Se dovesse fare un bilancio di Inaf, come ente, riguardo queste tematiche?

«Non ho un quadro complessivo di tutti gli enti pubblici, ma direi che è in linea con quello che si registra negli altri. In generale è quel che mi aspettavo, e comunque ci tengo a precisare che il consigliere di fiducia non è colui che può risolvere i problemi. È una figura che ascolta, che organizza incontri fra le parti, che chiama in causa anche chi può decidere, ma che non può prendere alcuna decisione definitiva, non applica una sanzione per capirci. Nel corso di perfezionamento per consiglieri di fiducia abbiamo tipizzato tanti ruoli rivestiti dalla consigliere. A volte, può diventare una sorta di capro espiatorio, alla Malaussène di Pennac».

Qualcosa che si può migliorare?

«Una cosa che sta succedendo recentemente è che Inaf ha dato l’incarico per gestire la formazione riguardo le conflittualità. Si tratta di alcuni seminari organizzati con degli psicologi che accompagnano il personale nella gestione delle conflittualità. Credo che sia un investimento su cui si stanno mobilitando tutte le sedi, alcuni sono obbligatori e alcuni facoltativi. In generale, oggi gli enti pubblici hanno un grosso carico rispetto al benessere di chi lavora. E non parlo solo della consigliera di fiducia, ma anche della rete dei referenti per la salute e la sicurezza, che in Italia si deve occupare anche di rischi psico-sociali. La salute del lavoratore non è più solo intesa come salute fisica ma come equilibrio psicosociale del lavoratore. Trovo che sia un modo molto intelligente di gestire il lavoro, perché riconosce che la componente umana può influenzare la resa e giocare un ruolo. Ed è molto importante perché questa componente riguarda tutti, da quelli che siedono nello stesso ufficio tutti i giorni e tutta la vita a quelli che vanno a osservare, viaggiano di più e incontrano colleghi in questo modo, a quelli che invece lavorano solo da casa. Io sono arrivata in una prima fase di applicazione, e ho l’impressione che chi arriverà dopo di me ha un lavoro importante di consolidamento da fare».

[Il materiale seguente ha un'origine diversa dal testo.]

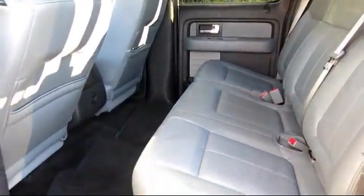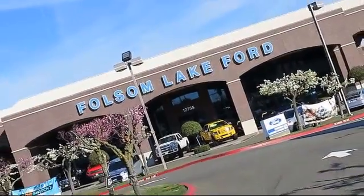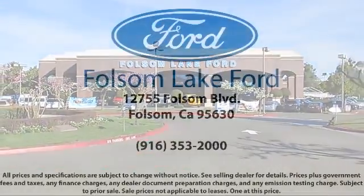Come in today and let us show you what excellence in customer service looks like. We're located off Highway 50 at Folsom Boulevard, under the flag.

Qualcosa di buono, invece, che ha visto all’Inaf?

«In Inaf ho incontrato davvero molte persone con cui l’iterazione è stata di alto profilo, persone che svolgono attività di coordinamento e si prendono a cuore in prima persona di risolvere problemi e disservizi. Ho incontrato persone molto valide e generose. Purtroppo, però, la mia esperienza è stata limitata e quel che sono riuscita a fare nelle poche sedi che ho visto non è bastato. Devo ammettere che ci sono stati dei momenti in cui mi sono divertita. Penso che chi ha la possibilità di lavorare nel settore della ricerca sia una persona più fortunata di altre».

Vuole consegnare un messaggio, insieme al testimone, al prossimo consigliere di fiducia?

«Parto da una riflessione: quello che mi è dispiaciuto in questi anni di mandato è non aver respirato a sufficienza l’aria delle diverse sedi. Ho l’impressione che potrei non aver capito benissimo l’ente, le sue logiche, le persone che ci lavorano e alcune situazioni perché non ho avuto la possibilità di incontrarle fisicamente e di vedere i loro ambienti di lavoro e di vita. Mi manca un po’ non aver conosciuto direttamente gli ambienti, nei loro aspetti positivi e negativi. Finisco il mio mandato e questo è il mio dispiacere. Anche perché, per esperienza, a volte si risolvono casi anche senza trattarli direttamente, ma semplicemente organizzando un seminario in una sede in cui si è verificato un determinato problema e parlandone. Il/la prossimo/a consigliere di fiducia secondo me dovrà tentare di costruire il lavoro essendo fisicamente più presente. Io non ho potuto farlo ma ci tengo a ribadire che penso sia fondamentale».